Hello there–I hope everyone is having a happy October! This is the month where school often takes off at full speed. Projects and papers are beginning to be due, midterms are just around the corner, and of course, you can’t forget the fall festivities and fabulous amounts of candy just waiting to be consumed!
Despite the fact that I will be caught up in all of this (as I am a graduate student as well), I am trying to take the time to “reflect” on my teaching practices in library instruction as I begin to observe and co-teach more classes this fall. In order to do this, I have begun reading Char Booth’s excellent book Reflective Teaching, Effective Learning. This is an ALA publication that (already, even though I have not finished reading it) I think everyone who is involved with library instruction should read or at least glance at from time to time. Booth, a former UT iSchool student, gives a very practical and customizable model for framing the life-cycle of successful library classes: from inception to assessment (xviii).

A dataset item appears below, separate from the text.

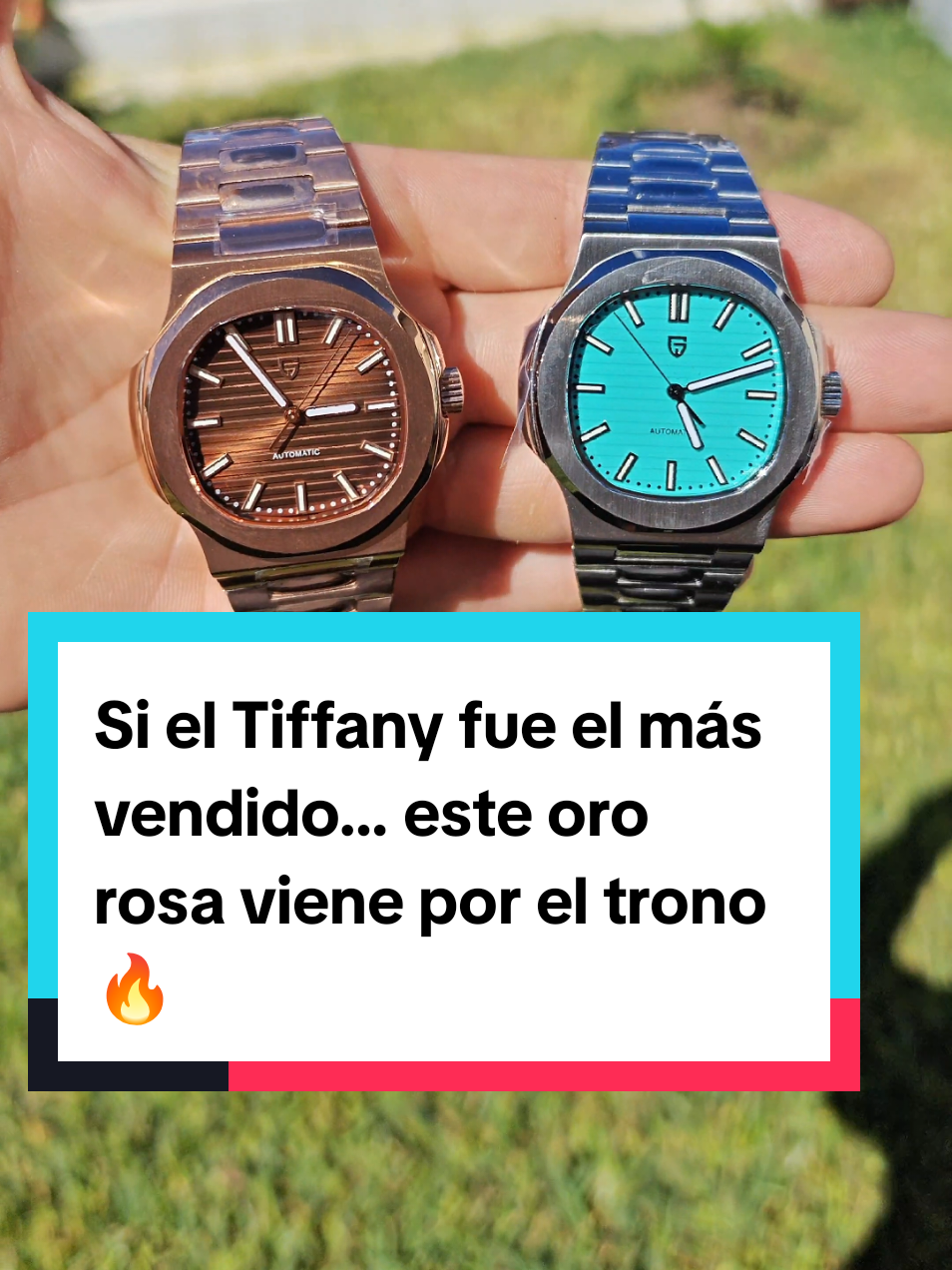 Dos versiones del reloj Pagani Design PD-1728, homenaje al Patek Philippe Nautilus — en oro rosa y Tiffany, ambos con movimiento automático, cristal de zafiro y acero inoxidable 316L. Relojes de lujo accesible, solo en Costa Rica  #reloj #relojes #paganidesign #patekphilippe #costarica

However, I’d like to focus on something that Booth states in the beginning of the book. This statement really struck a chord with me, and has made me think more about my interactions with students while teaching and observing in library classes. Booth asserts that “As librarians, we are nerds for knowledge. By making information more findable, usable, and interpretable, we help others in their quest for specialization. This makes us nerd enablers–and therefore more accurately described as uber- or meta-nerds” (4). I have always identified with “nerd” culture and as someone who has wanted to work either in education or higher education for a long time, I would even describe myself as someone who has a passion for sharing knowledge, indeed: a “knowledge nerd.” Booth recognizes that many librarians feel this way–this passion for sharing knowledge resources is why libraries exist in the first place (4). But as librarians, we must be careful to realize that library users and students don’t necessarily think the same way that we do. We want to enable someone with a passion to learn about what inspires them–but sometimes people (especially new students), haven’t figured out what that passion is and so have not reached an expert status or the “self-directed learner” (4) status that the library has been built to serve. If we reflect on this fact that libraries have really been designed for “knowledge nerds” as we are, I think we can see just how important library instruction is for our users and our students. It’s not just a way we can communicate our knowledge, it is also a way that users and students can engage with our resources for the first (or maybe the zillionth) time without feeling lost or hopeless if they haven’t achieved the level of self-directed learner.
I sincerely hope that everyone who is a library instructor or has some part in library instruction will take a look at Reflective Teaching. So far it has been very helpful to me as a new instructor–and I haven’t even completed the book!